Target dari kolaborasi ini cukup ambisius: mengurangi biaya manufaktur sel baterai secara keseluruhan hingga 50%, serta memangkas konsumsi energi dan emisi CO2 hingga 70% dibanding metode produksi konvensional.
Menuju Baterai Solid-State
Selain meningkatkan efisiensi manufaktur baterai lithium-ion berbasis slurry yang sudah ada saat ini, roadmap jangka panjang Intecells diarahkan untuk mendukung produksi massal baterai solid-state dengan biaya terjangkau — teknologi generasi berikutnya yang dianggap banyak pihak sebagai kunci lompatan besar berikutnya dalam kepadatan energi dan keamanan baterai.
Kenapa Inovasi Manufaktur Baterai Ini Penting
Metode pembuatan elektroda baterai konvensional pada dasarnya belum banyak berubah selama beberapa dekade, hanya mengalami perbaikan bertahap (incremental).

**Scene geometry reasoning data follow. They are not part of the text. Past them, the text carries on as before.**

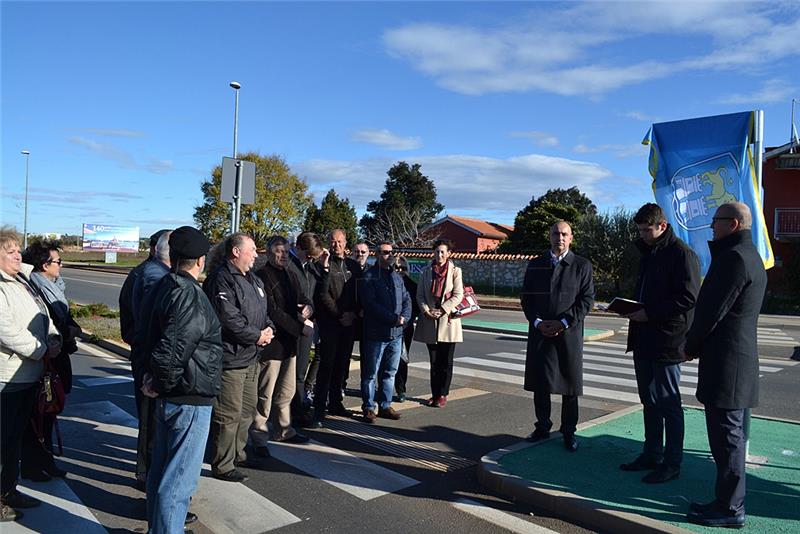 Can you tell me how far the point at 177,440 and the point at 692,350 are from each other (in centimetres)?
345

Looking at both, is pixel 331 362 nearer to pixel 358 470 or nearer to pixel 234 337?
pixel 358 470

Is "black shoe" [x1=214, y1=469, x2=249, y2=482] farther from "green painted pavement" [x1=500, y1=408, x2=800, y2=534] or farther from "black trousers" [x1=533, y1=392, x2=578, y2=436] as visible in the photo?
"black trousers" [x1=533, y1=392, x2=578, y2=436]

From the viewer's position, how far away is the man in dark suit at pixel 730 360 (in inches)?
159

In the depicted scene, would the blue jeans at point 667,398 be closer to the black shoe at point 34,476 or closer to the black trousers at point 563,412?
the black trousers at point 563,412

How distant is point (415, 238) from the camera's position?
162 feet

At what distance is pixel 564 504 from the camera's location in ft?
14.5

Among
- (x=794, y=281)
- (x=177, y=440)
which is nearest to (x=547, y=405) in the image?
(x=177, y=440)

Di tengah permintaan baterai lithium-ion yang terus meningkat pesat untuk kendaraan listrik maupun penyimpanan energi stasioner, terobosan yang bisa memangkas biaya dan dampak lingkungan produksi secara signifikan — seperti yang ditawarkan teknologi plasma Intecells — berpotensi memberikan dampak besar terhadap kecepatan dan keterjangkauan transisi energi bersih secara global.
Pertanyaan yang Sering Diajukan
Apa perbedaan utama teknologi plasma Intecells dengan metode manufaktur elektroda konvensional?

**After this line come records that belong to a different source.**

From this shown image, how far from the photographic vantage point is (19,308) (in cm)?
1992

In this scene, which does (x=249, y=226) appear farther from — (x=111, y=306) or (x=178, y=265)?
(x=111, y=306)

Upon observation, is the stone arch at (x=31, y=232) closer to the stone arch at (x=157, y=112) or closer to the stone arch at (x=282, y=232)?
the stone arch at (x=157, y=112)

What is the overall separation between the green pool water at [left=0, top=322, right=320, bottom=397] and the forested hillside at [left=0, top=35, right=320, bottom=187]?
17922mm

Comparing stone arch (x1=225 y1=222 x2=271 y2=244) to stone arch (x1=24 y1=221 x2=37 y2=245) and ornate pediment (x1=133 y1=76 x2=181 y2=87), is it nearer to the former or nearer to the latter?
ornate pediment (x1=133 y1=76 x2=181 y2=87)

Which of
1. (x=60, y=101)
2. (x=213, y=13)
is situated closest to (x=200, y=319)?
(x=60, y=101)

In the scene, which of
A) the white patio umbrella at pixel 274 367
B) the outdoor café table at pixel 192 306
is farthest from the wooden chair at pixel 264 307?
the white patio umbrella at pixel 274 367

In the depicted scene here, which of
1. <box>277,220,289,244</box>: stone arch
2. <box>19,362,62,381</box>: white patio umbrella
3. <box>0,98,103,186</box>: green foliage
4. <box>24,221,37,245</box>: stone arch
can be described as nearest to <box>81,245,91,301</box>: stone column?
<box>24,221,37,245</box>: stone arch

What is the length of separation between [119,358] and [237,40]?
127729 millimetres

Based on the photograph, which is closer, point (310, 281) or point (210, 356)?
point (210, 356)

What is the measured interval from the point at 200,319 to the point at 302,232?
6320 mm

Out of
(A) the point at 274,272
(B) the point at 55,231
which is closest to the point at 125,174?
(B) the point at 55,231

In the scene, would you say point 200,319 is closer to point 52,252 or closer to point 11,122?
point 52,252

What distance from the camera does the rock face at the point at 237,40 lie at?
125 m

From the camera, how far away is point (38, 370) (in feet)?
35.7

Metode konvensional mengandalkan proses pelapisan berbasis slurry (campuran cair) yang membutuhkan pelarut kimia dan proses pengeringan intensif energi, sementara teknologi plasma Intecells memungkinkan proses dry-coating yang menghilangkan kebutuhan pelarut dan pengeringan tersebut.

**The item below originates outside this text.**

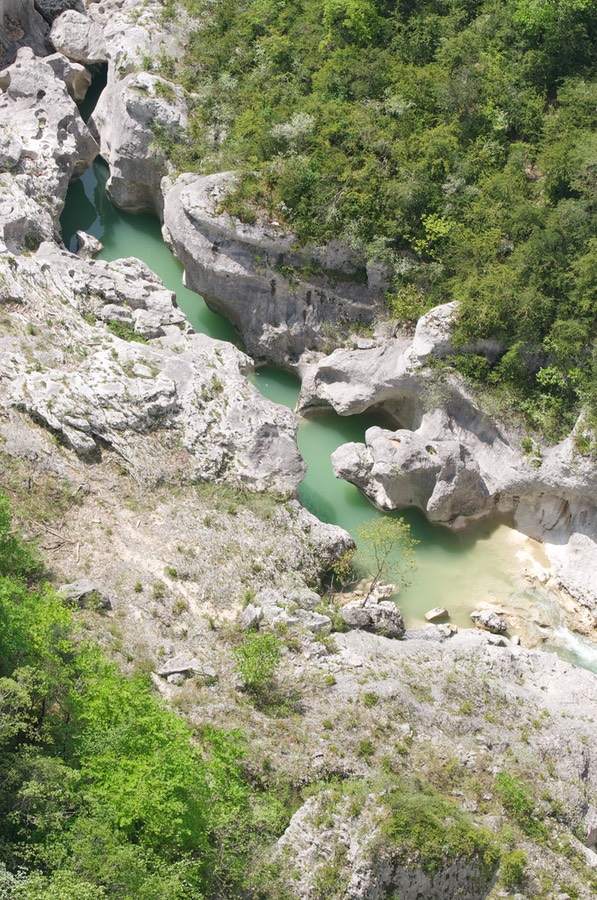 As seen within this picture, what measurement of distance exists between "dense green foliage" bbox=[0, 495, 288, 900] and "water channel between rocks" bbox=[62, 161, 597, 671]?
402 inches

Apakah teknologi ini sudah dipakai secara komersial?
Teknologi plasma untuk manufaktur berbasis slurry yang sudah ada saat ini sudah tersedia dan dalam tahap validasi bersama pelanggan industri melalui kemitraan dengan Comau, sementara teknologi dry-coating untuk baterai solid-state generasi berikutnya masih dalam tahap pengembangan menuju ketersediaan komersial.
Siapa saja yang menjadi target pelanggan Intecells?
Basis pelanggan Intecells mencakup produsen sel baterai, produsen kendaraan (OEM otomotif), dan produsen material baterai yang ingin meningkatkan efisiensi dan menekan biaya proses manufaktur elektroda mereka.